Define Acceptance Criteria and Verify That They Are Met

The product owner is responsible for defining the acceptance criteria for each product backlog item. These are the conditions under which the product owner would be satisfied that the functional and nonfunctional requirements have been met. The product owner may also write acceptance tests corresponding to the acceptance criteria, or he could enlist the assistance of subject matter experts (SMEs) or development team members. In either case, the product owner should ensure that these acceptance criteria (and frequently specific acceptance tests) are created before an item is considered at a sprint-planning meeting. Without them, the team would have an incomplete understanding of the item and would not be ready to include it in a sprint. For this reason, many Scrum teams include the existence of clear acceptance criteria as an item on their definition-of-ready checklist (see Chapter 6).

The product owner is ultimately responsible for confirming that the acceptance criteria are met. Once again, the product owner may choose to run acceptance tests himself or may enlist the assistance of expert users to help confirm that the product backlog item meets the conditions of satisfaction. The team might help create a testing infrastructure that enables the product owner or the feature SMEs to run these tests more efficiently, but the product owner should be the final judge of whether an item meets expectations.

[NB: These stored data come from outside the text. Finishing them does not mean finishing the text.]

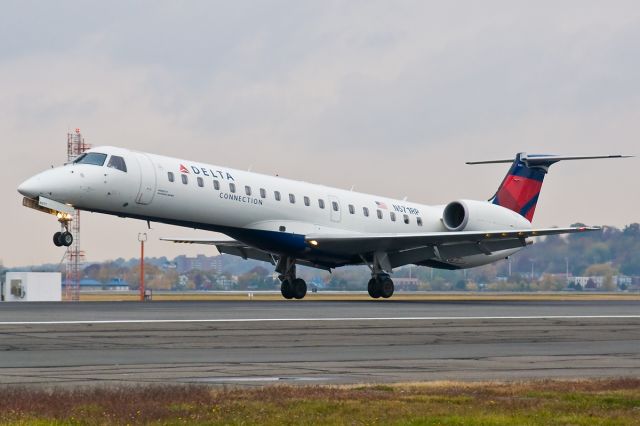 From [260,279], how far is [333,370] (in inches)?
3297

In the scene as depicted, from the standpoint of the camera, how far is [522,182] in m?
46.1

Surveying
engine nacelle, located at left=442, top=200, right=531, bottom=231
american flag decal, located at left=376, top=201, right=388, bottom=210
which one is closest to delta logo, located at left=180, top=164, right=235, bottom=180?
american flag decal, located at left=376, top=201, right=388, bottom=210

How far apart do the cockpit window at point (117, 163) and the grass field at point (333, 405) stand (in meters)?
21.8

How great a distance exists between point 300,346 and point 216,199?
1721 centimetres

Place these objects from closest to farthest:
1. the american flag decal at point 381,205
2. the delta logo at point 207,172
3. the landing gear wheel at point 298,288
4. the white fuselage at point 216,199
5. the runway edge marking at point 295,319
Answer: the runway edge marking at point 295,319 < the white fuselage at point 216,199 < the delta logo at point 207,172 < the landing gear wheel at point 298,288 < the american flag decal at point 381,205

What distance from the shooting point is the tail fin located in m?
45.8

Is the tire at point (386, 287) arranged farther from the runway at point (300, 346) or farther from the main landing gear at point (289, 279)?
the runway at point (300, 346)

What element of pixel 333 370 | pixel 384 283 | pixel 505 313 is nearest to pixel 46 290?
pixel 384 283

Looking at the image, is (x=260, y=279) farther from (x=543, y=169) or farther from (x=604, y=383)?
(x=604, y=383)

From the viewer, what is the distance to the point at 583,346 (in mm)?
19422

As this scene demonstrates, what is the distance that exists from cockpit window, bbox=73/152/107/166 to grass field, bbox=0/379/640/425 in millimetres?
21864

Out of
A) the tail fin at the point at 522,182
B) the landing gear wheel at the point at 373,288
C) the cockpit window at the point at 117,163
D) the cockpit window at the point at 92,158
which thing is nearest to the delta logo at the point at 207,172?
the cockpit window at the point at 117,163

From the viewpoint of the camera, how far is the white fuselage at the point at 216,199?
32.8 metres

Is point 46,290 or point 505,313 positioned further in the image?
point 46,290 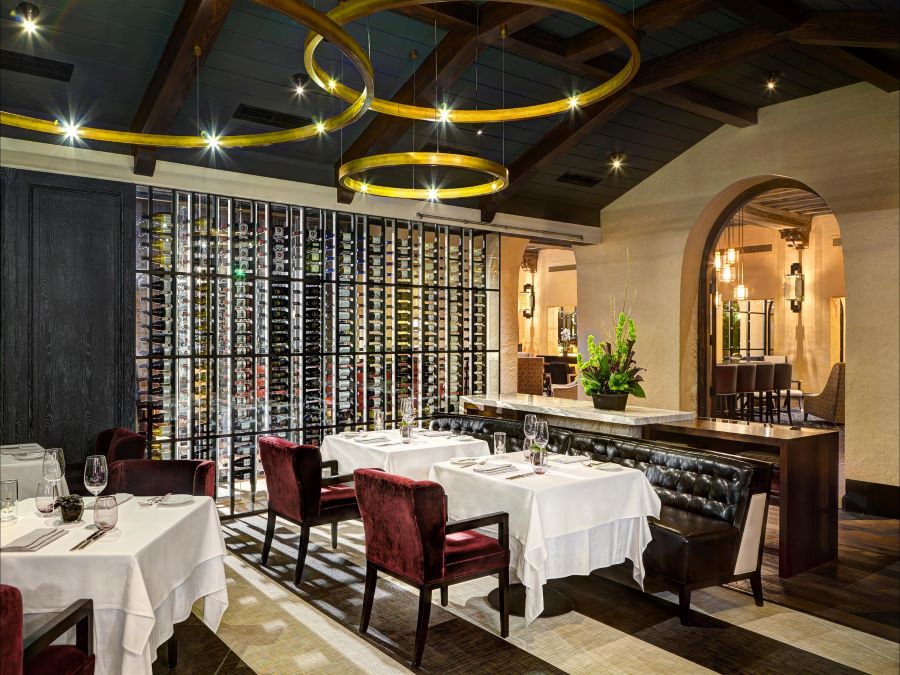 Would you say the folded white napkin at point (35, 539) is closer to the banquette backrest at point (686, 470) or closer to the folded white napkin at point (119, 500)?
the folded white napkin at point (119, 500)

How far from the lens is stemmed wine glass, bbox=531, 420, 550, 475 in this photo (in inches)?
144

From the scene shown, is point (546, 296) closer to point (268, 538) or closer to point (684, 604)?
point (268, 538)

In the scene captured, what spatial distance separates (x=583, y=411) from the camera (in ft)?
16.4

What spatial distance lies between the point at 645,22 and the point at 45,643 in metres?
5.02

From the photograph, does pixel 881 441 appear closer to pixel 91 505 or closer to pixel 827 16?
pixel 827 16

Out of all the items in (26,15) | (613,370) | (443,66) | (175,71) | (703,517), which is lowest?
(703,517)

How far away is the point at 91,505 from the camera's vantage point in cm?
300

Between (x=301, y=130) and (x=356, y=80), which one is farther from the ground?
(x=356, y=80)

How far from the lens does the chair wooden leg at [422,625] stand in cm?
304

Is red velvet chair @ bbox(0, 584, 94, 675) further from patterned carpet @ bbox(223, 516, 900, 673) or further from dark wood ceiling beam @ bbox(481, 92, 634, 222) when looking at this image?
dark wood ceiling beam @ bbox(481, 92, 634, 222)

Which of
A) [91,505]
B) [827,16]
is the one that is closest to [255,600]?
[91,505]

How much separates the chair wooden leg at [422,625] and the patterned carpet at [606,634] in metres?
0.06

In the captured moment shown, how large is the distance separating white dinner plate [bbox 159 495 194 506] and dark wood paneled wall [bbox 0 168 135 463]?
22.3 inches

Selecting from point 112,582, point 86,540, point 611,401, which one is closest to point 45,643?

It is important for the product owner to verify acceptance criteria during sprint execution rather than waiting until the sprint review. By doing some testing as the features are completed, the product owner can identify mistakes and misunderstandings that the team can fix before the sprint review. Also, because the team is allowed to demonstrate only completed features at the review, the product owner must ensure that acceptance tests are run prior to the review so that the team knows which features actually meet the definition of done.

Collaborate with the Development Team

The product owner must closely collaborate with the development team on a frequent basis. The product owner is an engaged, committed, everyday role. Many organizations just starting to adopt Scrum fail to foster adequate product owner engagement with the development team, delaying essential feedback and substantially reducing the value of that feedback when it does occur.

This failure to engage can also occur when people new to the product owner role assume that their level of involvement when using Scrum should resemble their involvement during phase-based development. Figure 9.4 compares the typical level of customer- or business-side engagement during a traditional sequential development effort with that expected of a product owner when using Scrum.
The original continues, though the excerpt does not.